Nothing but the lines from the one with "Синий БМВ 5" through the end of the material should be retyped, word for word and without pictures.

:: INFORMATION GIVEN ::
━━━

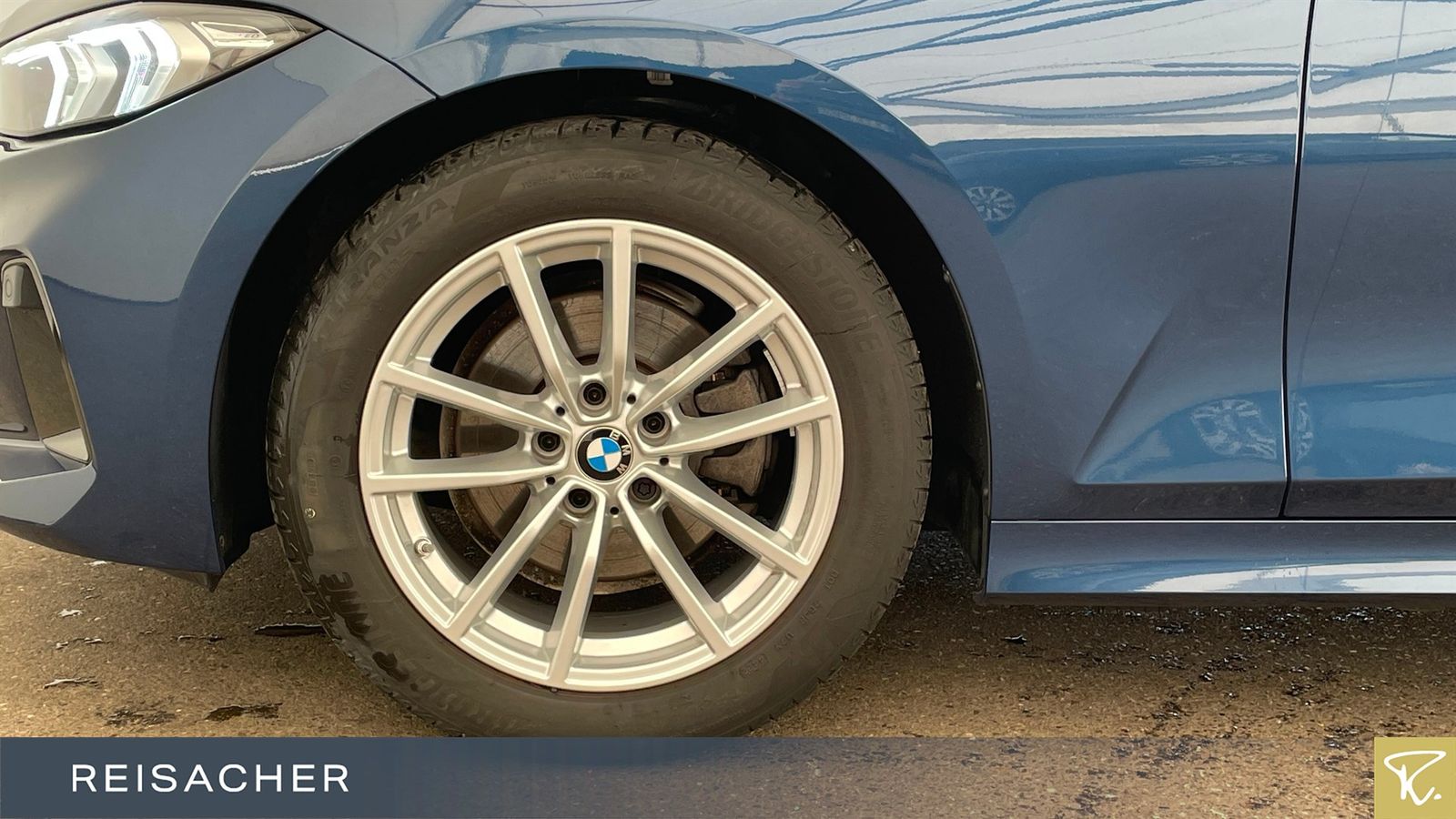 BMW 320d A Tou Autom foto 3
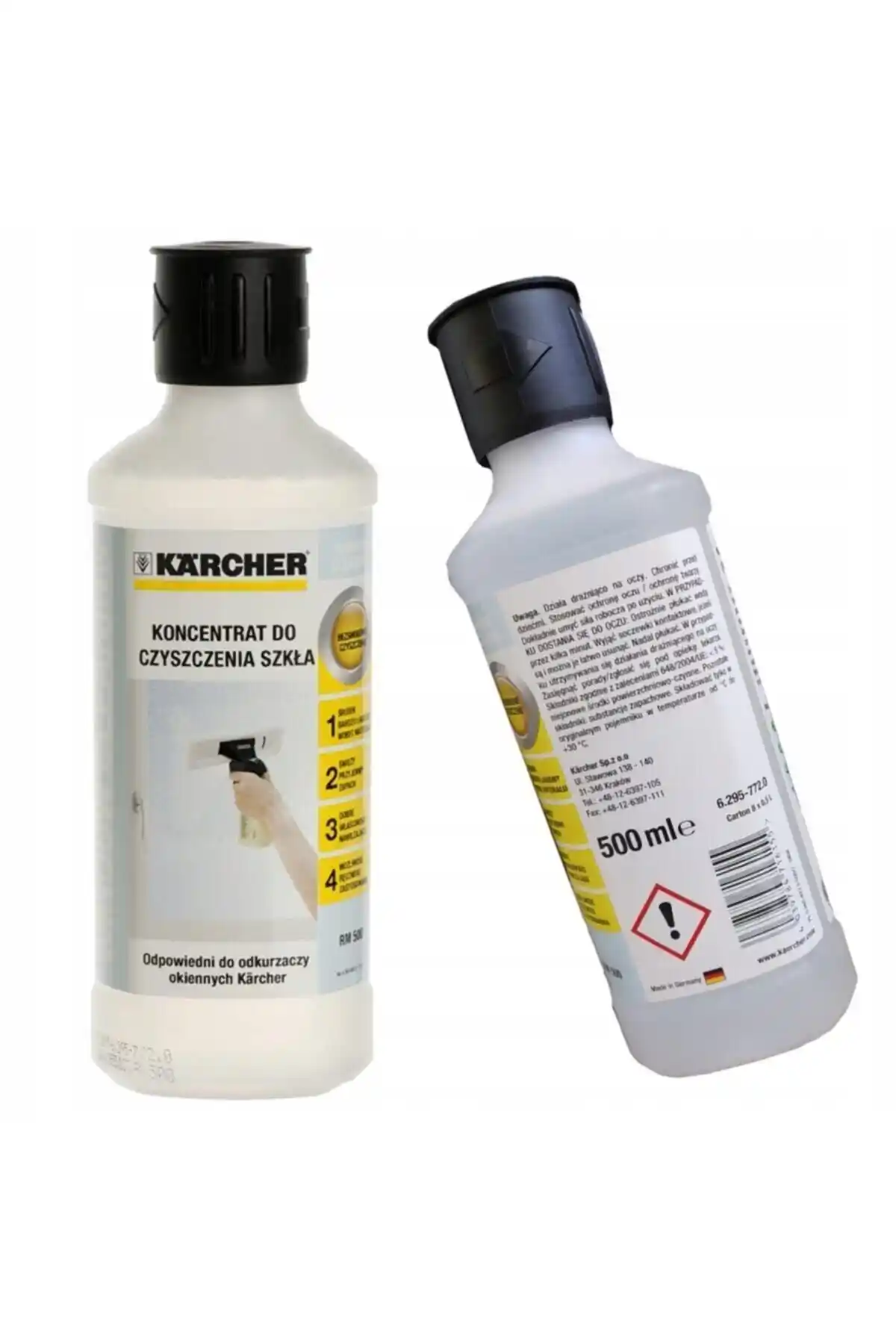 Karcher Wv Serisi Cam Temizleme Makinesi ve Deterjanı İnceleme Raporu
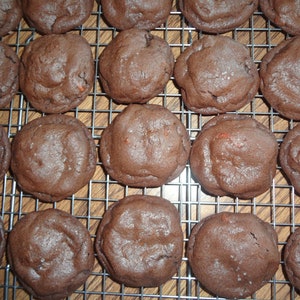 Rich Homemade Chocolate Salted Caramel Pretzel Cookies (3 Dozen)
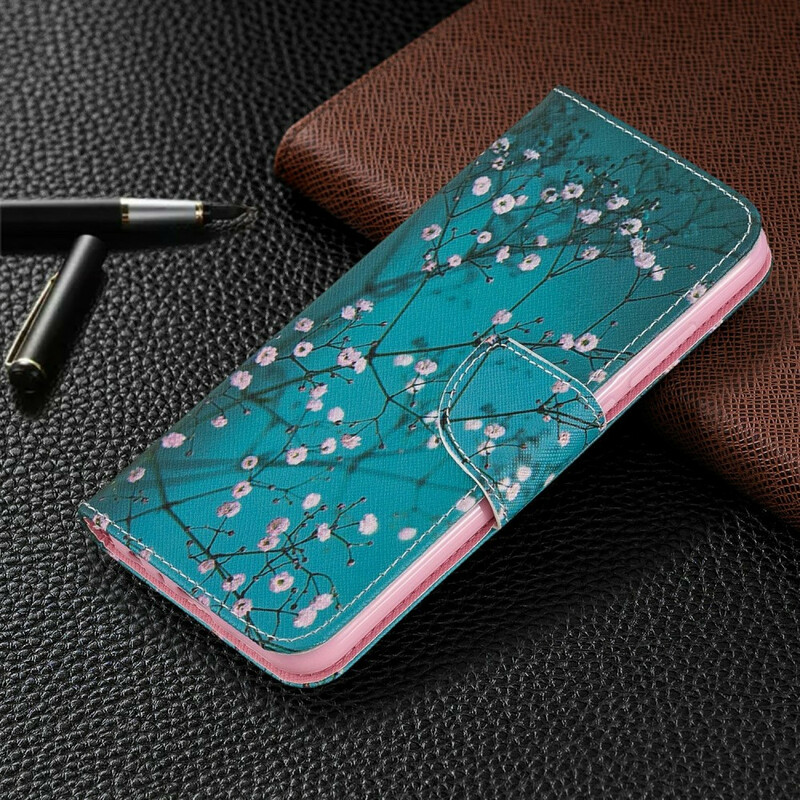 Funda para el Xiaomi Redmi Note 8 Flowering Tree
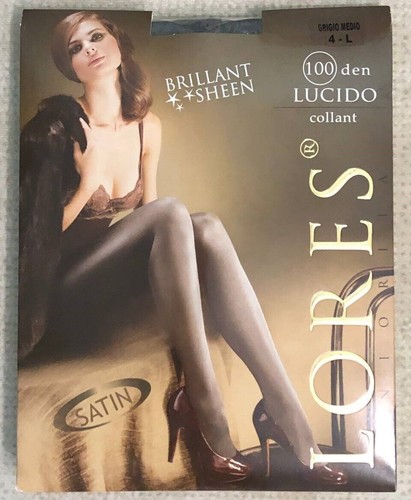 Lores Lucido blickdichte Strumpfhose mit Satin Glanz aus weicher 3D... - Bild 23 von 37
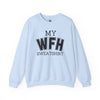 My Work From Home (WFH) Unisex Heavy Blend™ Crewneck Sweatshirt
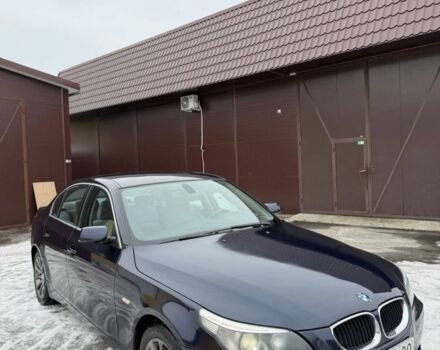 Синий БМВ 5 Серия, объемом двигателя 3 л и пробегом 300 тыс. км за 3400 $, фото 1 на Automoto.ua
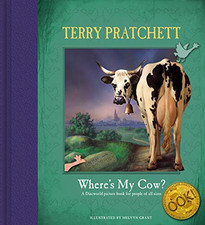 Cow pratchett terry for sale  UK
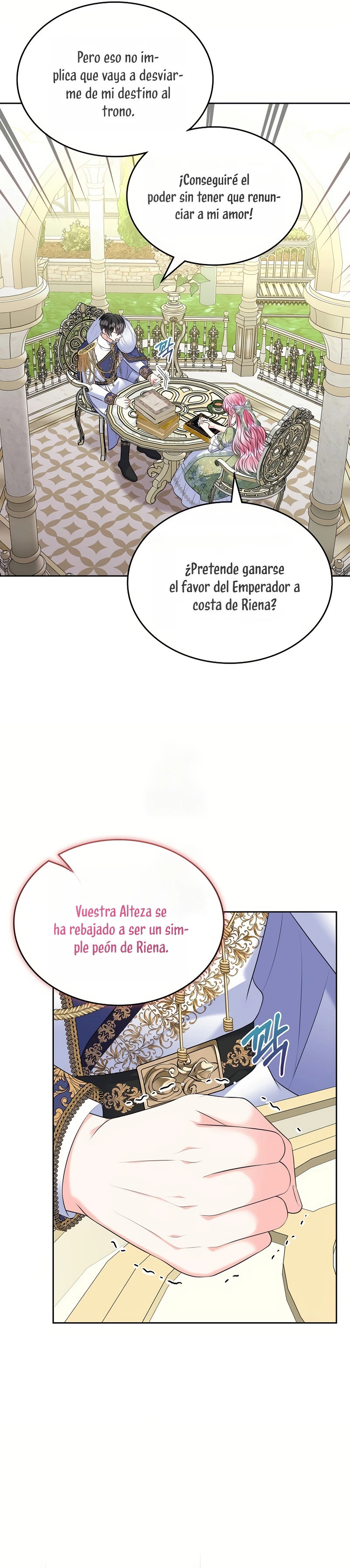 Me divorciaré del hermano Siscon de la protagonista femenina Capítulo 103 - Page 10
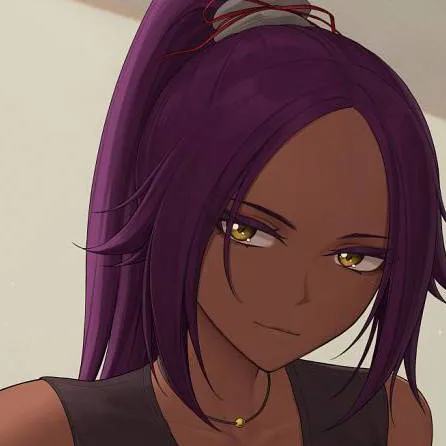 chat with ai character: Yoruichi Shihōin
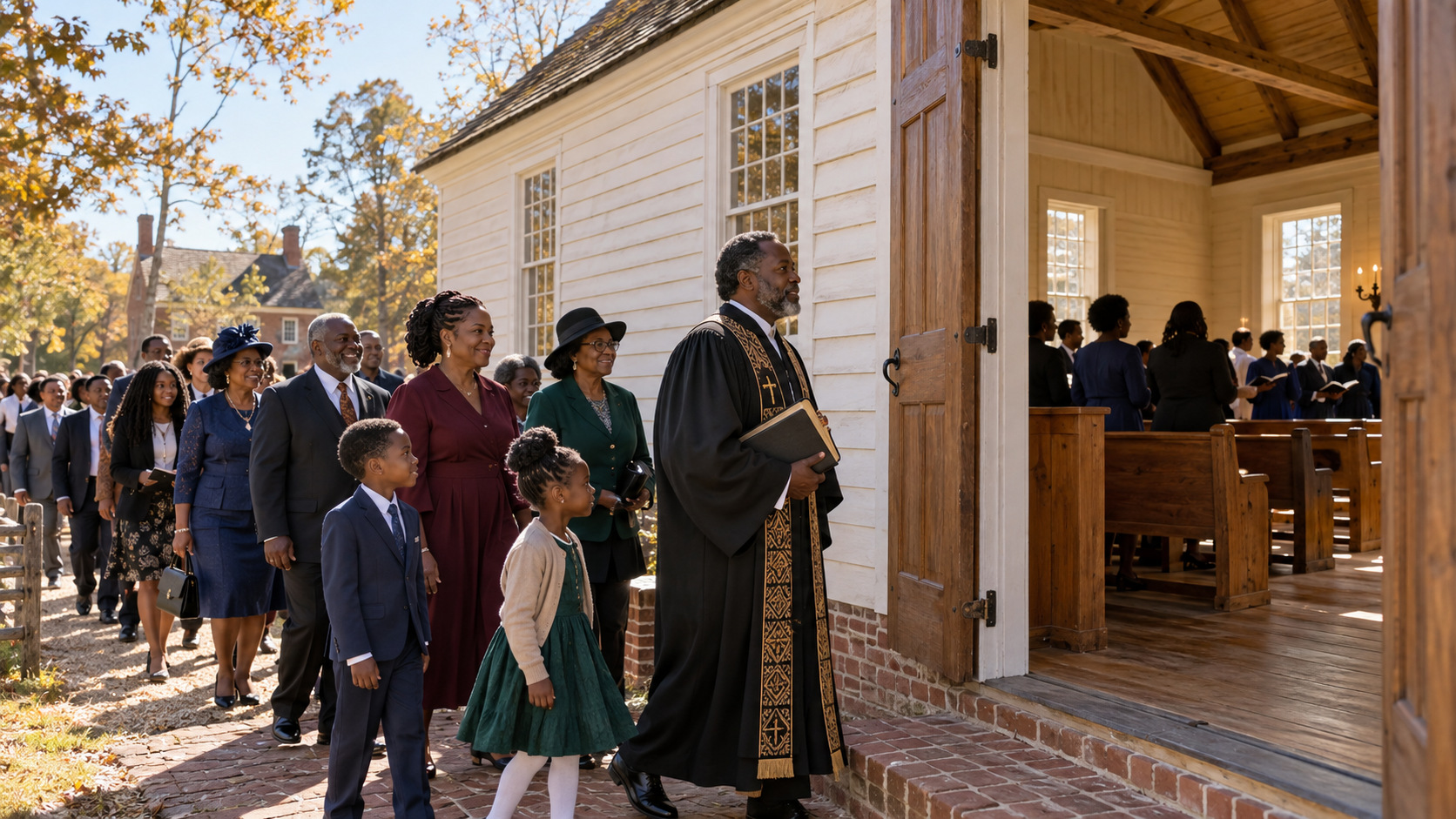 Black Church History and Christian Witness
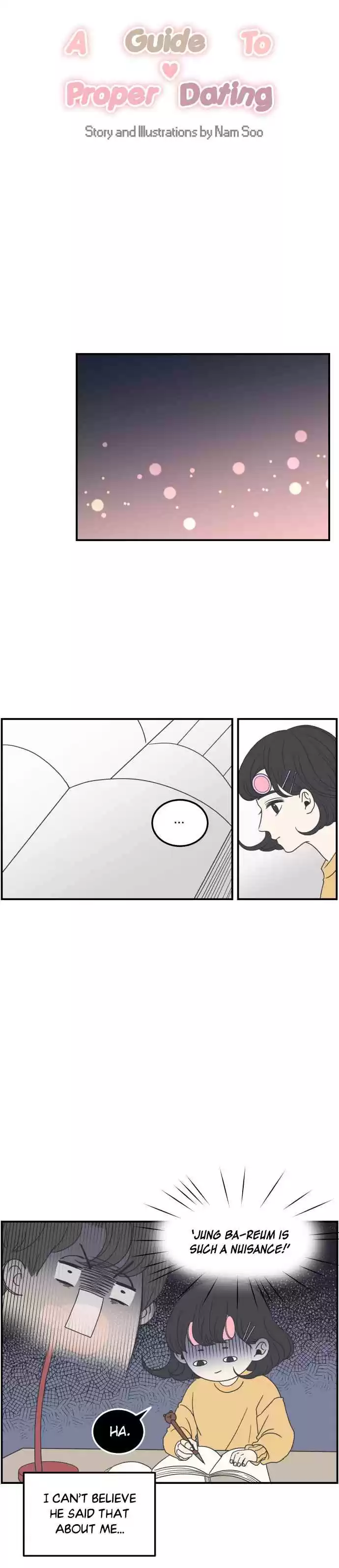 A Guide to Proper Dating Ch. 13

━━━

:: ANSWER TO THE PROBLEM ::
 Синий БМВ 5 Серия, объемом двигателя 3 л и пробегом 300 тыс. км за 3400 $, фото 1 на Automoto.ua
 Cow pratchett terry for sale  UK
 Me divorciaré del hermano Siscon de la protagonista femenina Capítulo 103 - Page 10
 chat with ai character: Yoruichi Shihōin
 Black Church History and Christian Witness
 A Guide to Proper Dating Ch. 13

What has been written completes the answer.